VPM Campus Photo

Tuesday, March 2, 2010

Indian Bonds Fall as Investors Wary of First-Half Debt Sales

March 2 (Bloomberg) -- India’s 10-year bonds fell, pushing yields to their highest level in more than a week, on concern the government will increase borrowing in the first half of the year beginning April, when the bulk of debt will mature.

The government will raise a record 4.57 trillion rupees ($99.3 billion) in the next fiscal year, Finance Minister Pranab Mukherjee said on Feb. 26. Debt payments will more than double to 1.14 trillion rupees, of which almost three quarters are scheduled to be repaid in the four months through July, according to the government’s budget.
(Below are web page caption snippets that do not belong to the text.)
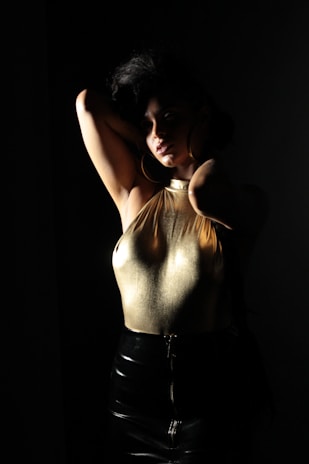 Model showcasing a sleek black faja with subtle gold accents in a softly lit boutique setting.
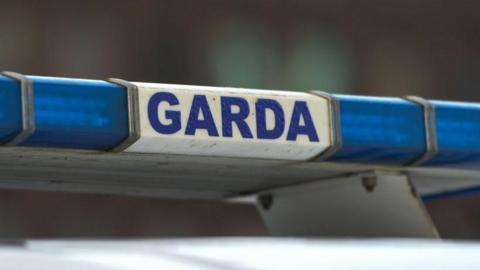 Garda sign on police car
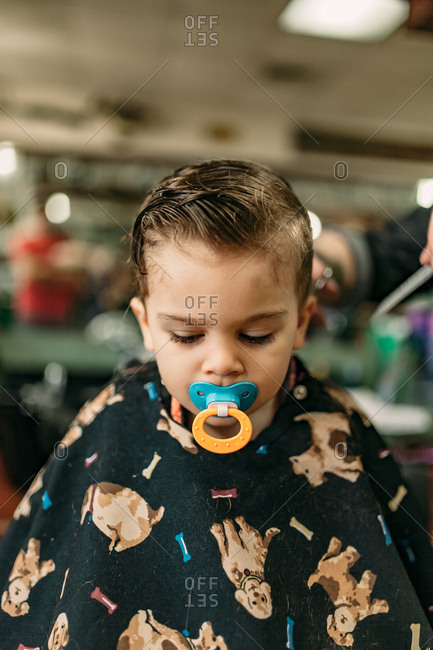 Portrait Of Young Boy S First Haircut At The Barbershop Stock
“Since you have heavy redemptions you have to be prepared for big bond sales in the first half,” said Rajeev Radhakrishnan, who manages the equivalent of $4 billion of debt at SBI Funds Management Pvt. Ltd., a unit of the nation’s biggest bank, in Mumbai. “Yields will be under pressure until the auction calendar is announced.”

The yield on the 6.35 percent note due January 2020 rose four basis points to 7.9 percent at 10:40 a.m. in Mumbai, the highest intraday level since Feb. 19, according to the central bank’s trading system. The price fell 0.26, or 26 paise per 100 rupee face amount, to 89.50.
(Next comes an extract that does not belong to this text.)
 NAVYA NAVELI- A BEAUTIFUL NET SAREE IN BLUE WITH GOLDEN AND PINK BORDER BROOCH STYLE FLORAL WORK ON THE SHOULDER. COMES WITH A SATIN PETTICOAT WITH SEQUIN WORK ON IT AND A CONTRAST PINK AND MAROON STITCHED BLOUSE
The yield will be between 7.75 percent and 8 percent this month, Radhakrishnan predicted. The government will soon start discussion with the central bank on next fiscal year’s borrowing schedule, Finance Secretary Ashok Chawla said on Feb. 26.

The plan to auction licenses for nationwide third- generation mobile phone services will be a key factor deciding the borrowing schedule in the first half, said Radhakrishnan. India expects to earn 350 billion rupees from the auction.

The cost of five-year interest-rate swaps, or derivative contracts used to guard against fluctuations in borrowing costs, increased today. The rate, a fixed payment made to receive floating rates, rose to 7.06 percent from 7.02 percent on Feb. 26.